The Amherst group's adult participants range in age from 30 to 67 years. Professions include an architect, real estate developer, engineer and attorney. In Acton, the group is also diverse with a chiropractor, software engineers and stay-at-home parents. Both groups said they want their cohousing to be ethnically mixed, but so far the Acton group has just one child of color and the Amherst consortium has one Latino member.
Many of the members found out about these cohousing groups from newspaper advertisements or through word of mouth.
Cohousing can be anything the group wants it to be. But certain elements are common. Houses are smaller than average and usually are attached to one another to save money and foster social interaction.
In Acton, architects will design nine single-family houses in addition to the cluster housing. Streets between houses are made for pedestrians only; cars are driven on the outside of the housing cluster and parked in a designated area.
A common house with a large dining room and kitchen for optional nightly meals is the central feature. Although individual houses will include kitchens, members will be able to skip cooking for themselves and join the group meals.
The common house often includes shared laundry facilities. In Acton, developers envision a common house with a children's play area, office space, storage for bulk food and a recycling center. Still on the wish list are a library, guest rooms, workshop, soundproof room for practicing musicians and a swimming pool.
Architect Peter Kitchell of Kitchell & Austin in Amherst, said working with a cohousing group is time-consuming because so many clients are involved in one project. But he said he prefers this to designing homes for the abstract "typical family" whose feedback is nonexistent.
"The people who want to do this ... are looking for a very rich life," Kitchell said. "They are singles and pairs and all kinds of sexual preferences and ages. It leads to some original and very valid new expressions of living together that we have to translate into buildings."
Kitchell said the houses in the Pioneer Valley group in Amherst will be 1,200 square feet, 5 percent to 10 percent smaller than the median house in Amherst. Each house will have a kitchen, dining room, bedrooms, bathrooms, porch -- but no garage.
Fences, low hedges and walks, sand boxes and ball courts will create a balance of public and private spaces.
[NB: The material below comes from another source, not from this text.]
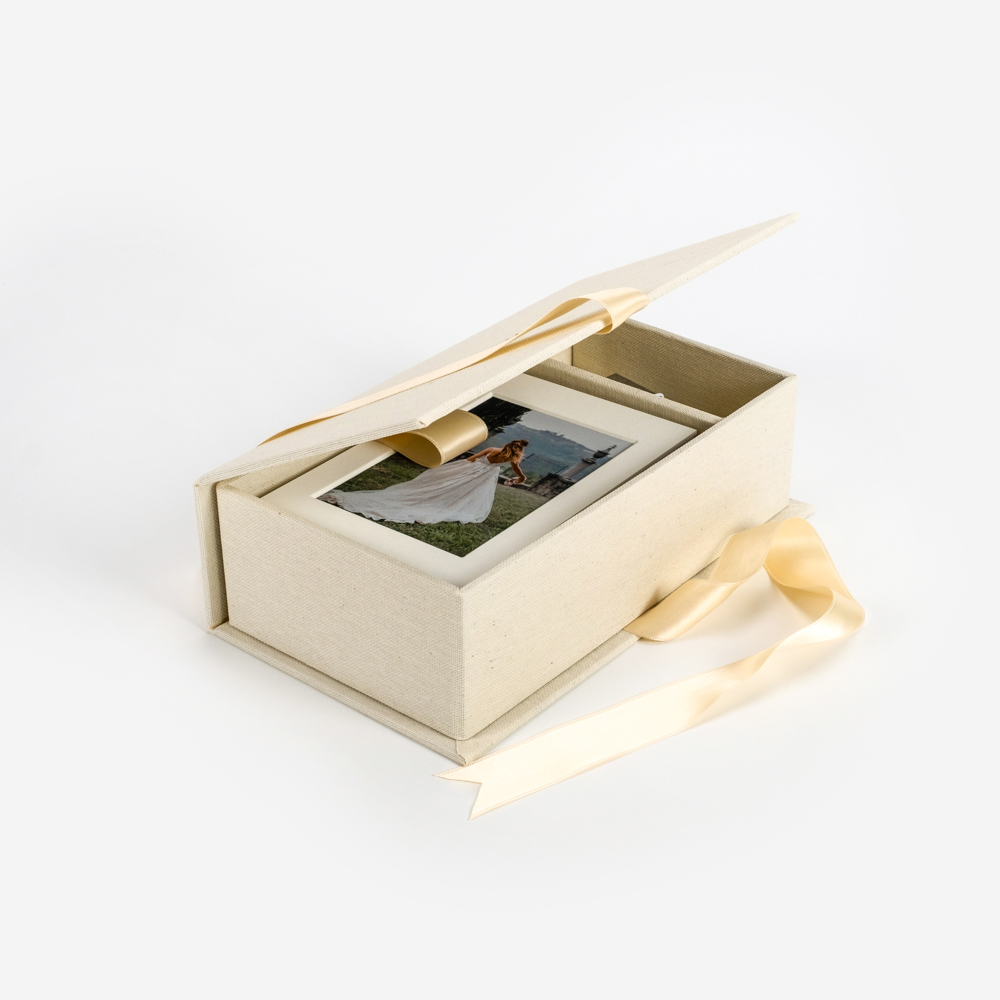 Boîte à tirages Celta 2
The biggest obstacle to cohousing is simply finding the perfect site. Fewer than 10 percent of Massachusetts's 351 towns and cities have zoning laws that allow cohousing to be built without a variance, said Bob Engler, a Cambridge development consultant who works with cohousing groups.
"People want to put their houses closer together than the normal law allows, they want a community building and a child-safe area. And that's breaking a lot of local zoning laws," Engler said. "Most zoning laws don't allow that flexibility."
Once built, the Amherst homes will be individually owned -- either as a cooperative in which members own a share or as a condominium where members own the building but not the land under it, said Ryan.
Forming a cohousing group is a glacial-like process where members must learn to make decisions by consensus. That means every member must be able to live with each decision.
Is it worth it? "I don't know yet," said Wight, the software engineer, who devotes 10 hours a week to meetings. "I've made a lot of friends, and I've learned a lot ... . We spent a lot of time learning how to listen, learning to respect people's differences."
Yet the process itself is what knits strangers into a community. "It involves a great deal of commitment on the part of a lot of people. It is the process of defining the common vision of what you want ... which makes you feel you are part of people's lives," Ryan said. "We have created our community. We just need a place to put it now.